> **Task input**
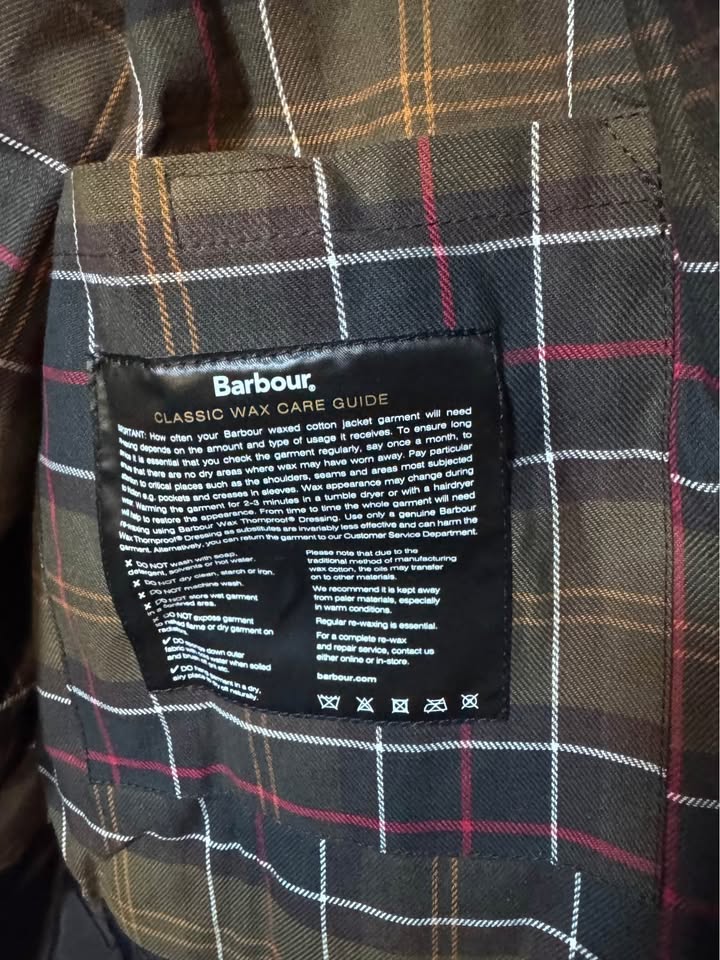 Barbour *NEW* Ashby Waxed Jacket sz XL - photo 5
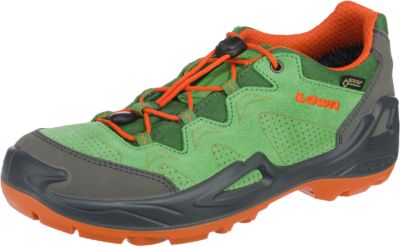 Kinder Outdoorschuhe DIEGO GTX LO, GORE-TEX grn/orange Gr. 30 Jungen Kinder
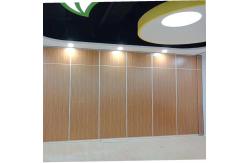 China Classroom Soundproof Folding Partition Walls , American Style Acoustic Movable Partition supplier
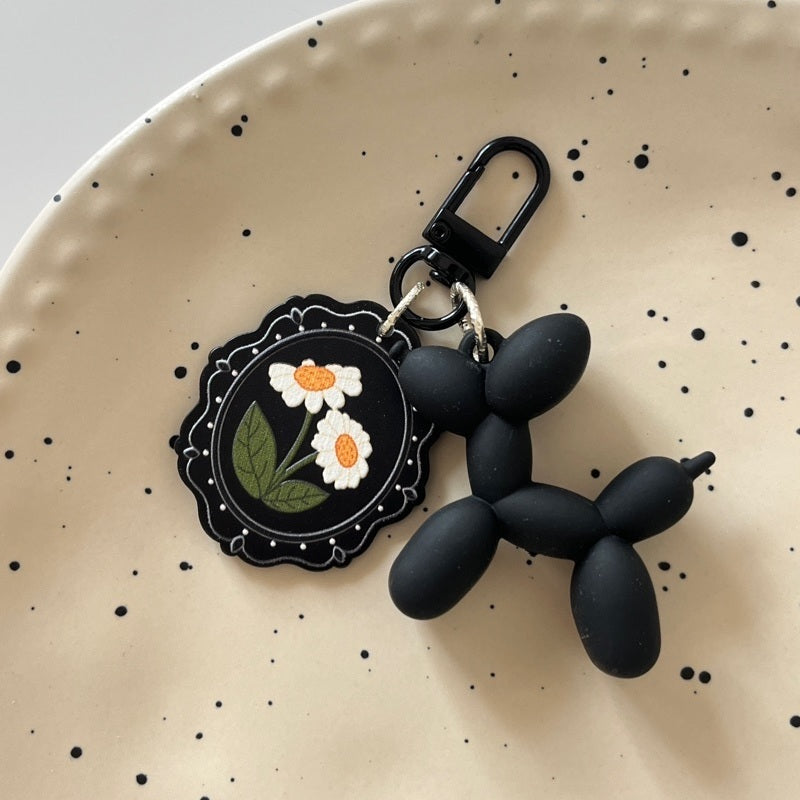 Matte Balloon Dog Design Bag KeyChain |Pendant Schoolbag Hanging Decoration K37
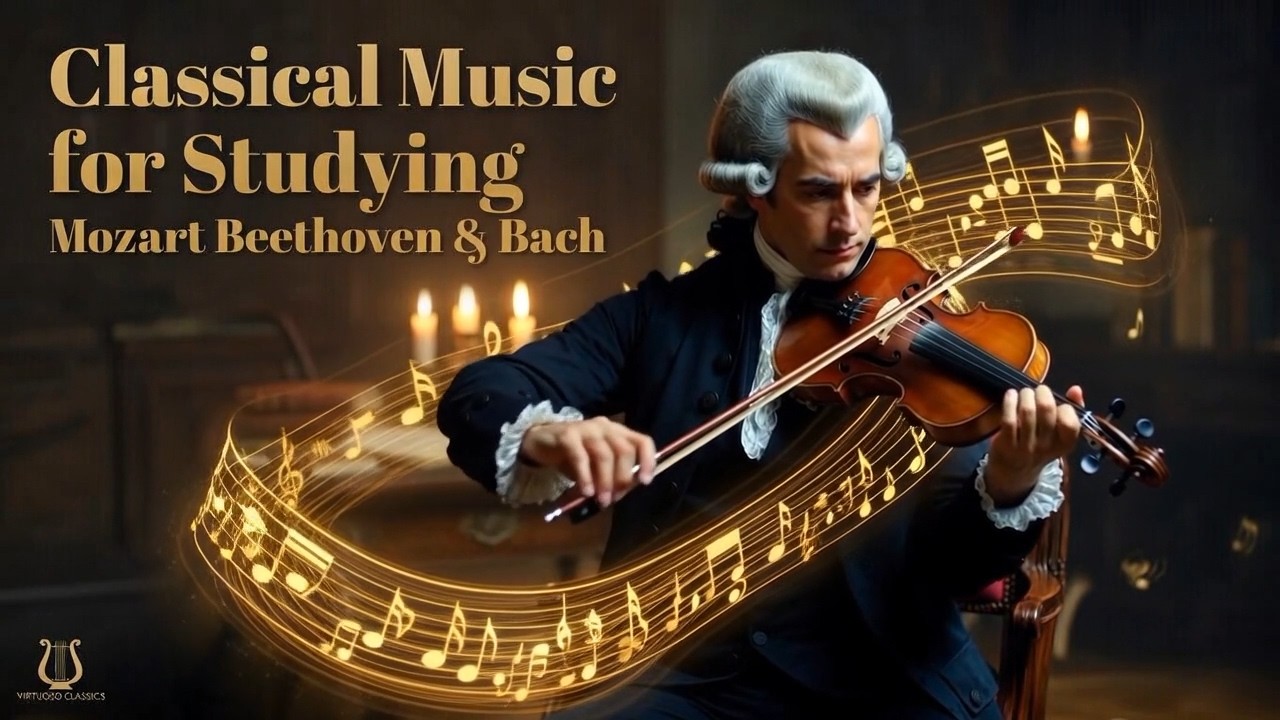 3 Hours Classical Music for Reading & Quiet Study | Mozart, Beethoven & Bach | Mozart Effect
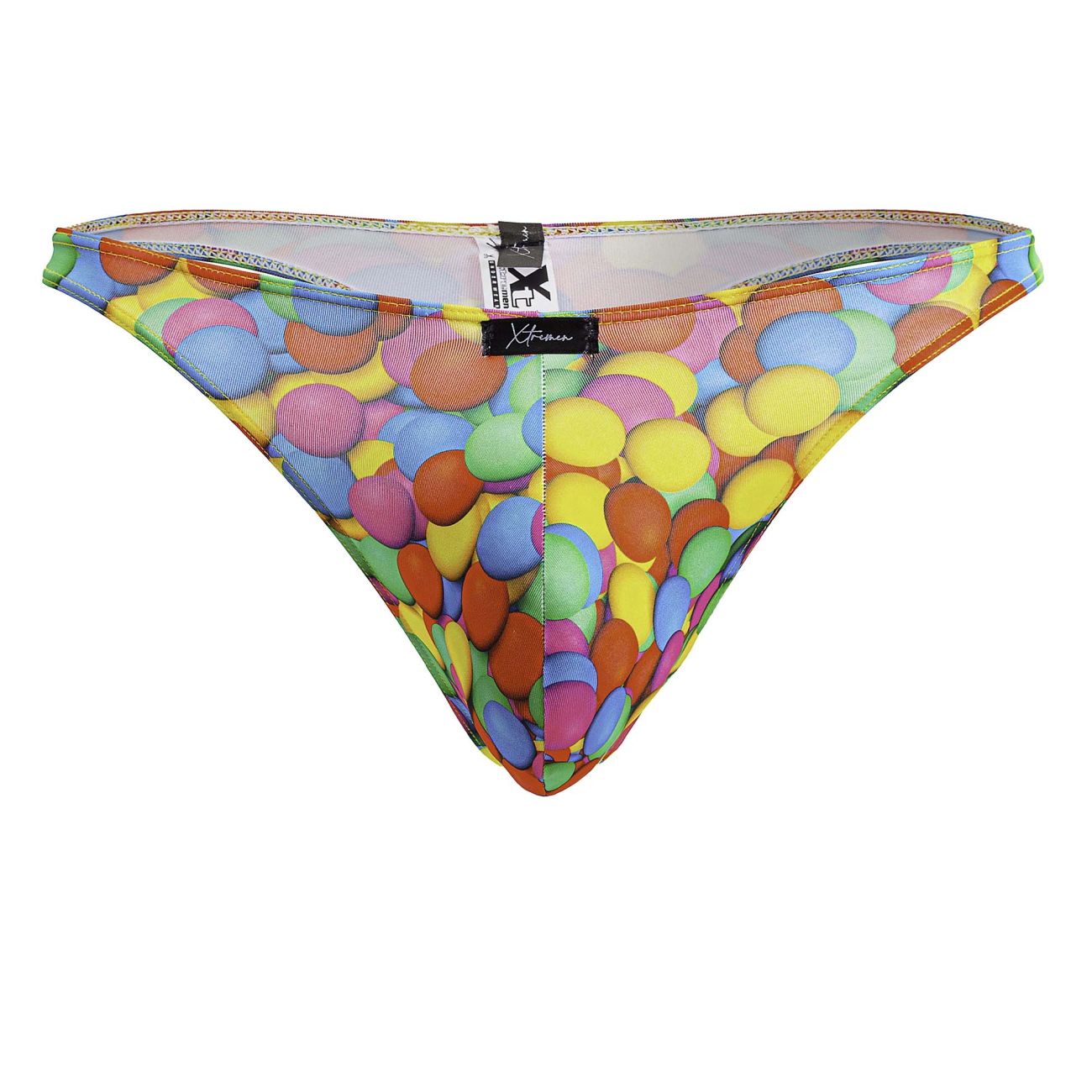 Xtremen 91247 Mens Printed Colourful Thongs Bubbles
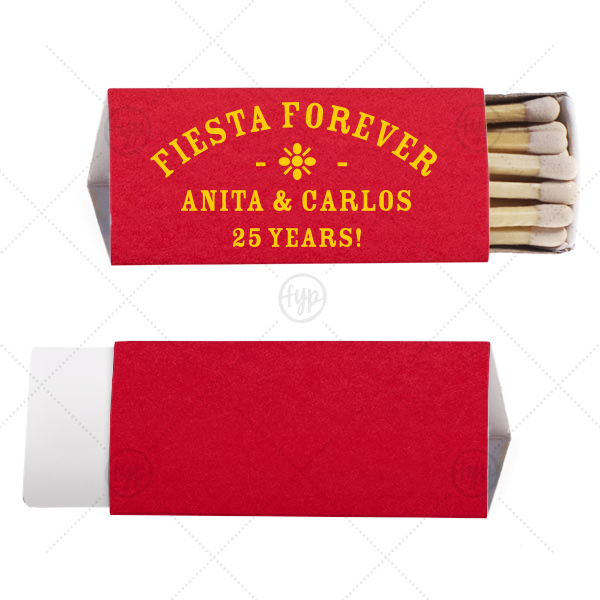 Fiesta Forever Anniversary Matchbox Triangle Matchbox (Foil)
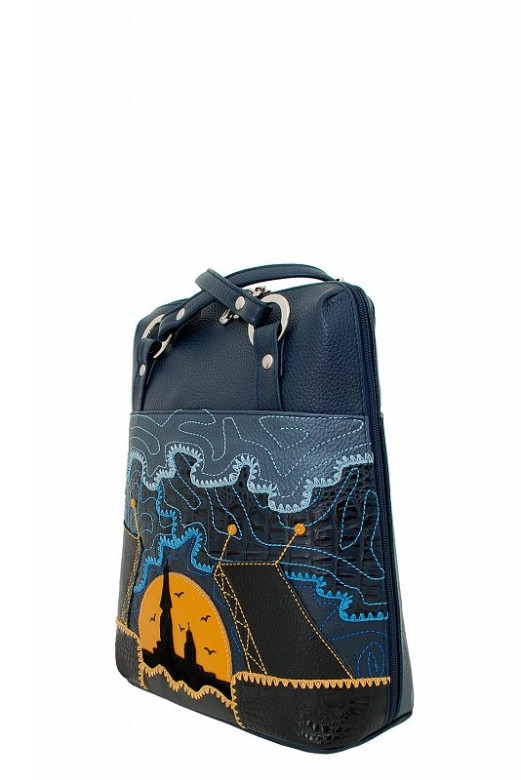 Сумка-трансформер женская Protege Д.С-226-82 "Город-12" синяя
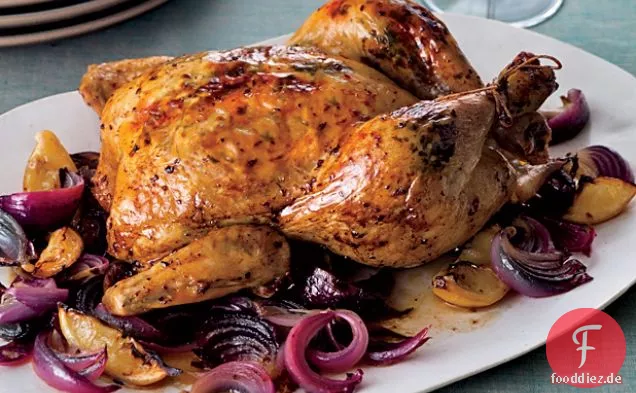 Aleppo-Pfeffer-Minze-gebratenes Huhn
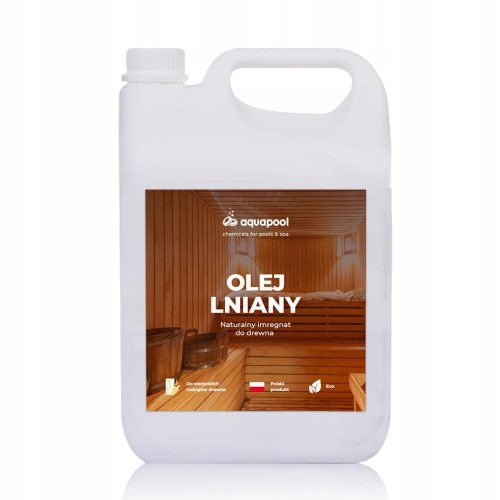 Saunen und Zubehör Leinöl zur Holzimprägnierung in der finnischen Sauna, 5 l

> **Task details**
Without including any pictures, output each entry above exactly as it appears.

> **Task solution**
 Barbour *NEW* Ashby Waxed Jacket sz XL - photo 5
 Kinder Outdoorschuhe DIEGO GTX LO, GORE-TEX grn/orange Gr. 30 Jungen Kinder
 China Classroom Soundproof Folding Partition Walls , American Style Acoustic Movable Partition supplier
 Matte Balloon Dog Design Bag KeyChain |Pendant Schoolbag Hanging Decoration K37
 3 Hours Classical Music for Reading & Quiet Study | Mozart, Beethoven & Bach | Mozart Effect
 Xtremen 91247 Mens Printed Colourful Thongs Bubbles
 Fiesta Forever Anniversary Matchbox Triangle Matchbox (Foil)
 Сумка-трансформер женская Protege Д.С-226-82 "Город-12" синяя
 Aleppo-Pfeffer-Minze-gebratenes Huhn
 Saunen und Zubehör Leinöl zur Holzimprägnierung in der finnischen Sauna, 5 l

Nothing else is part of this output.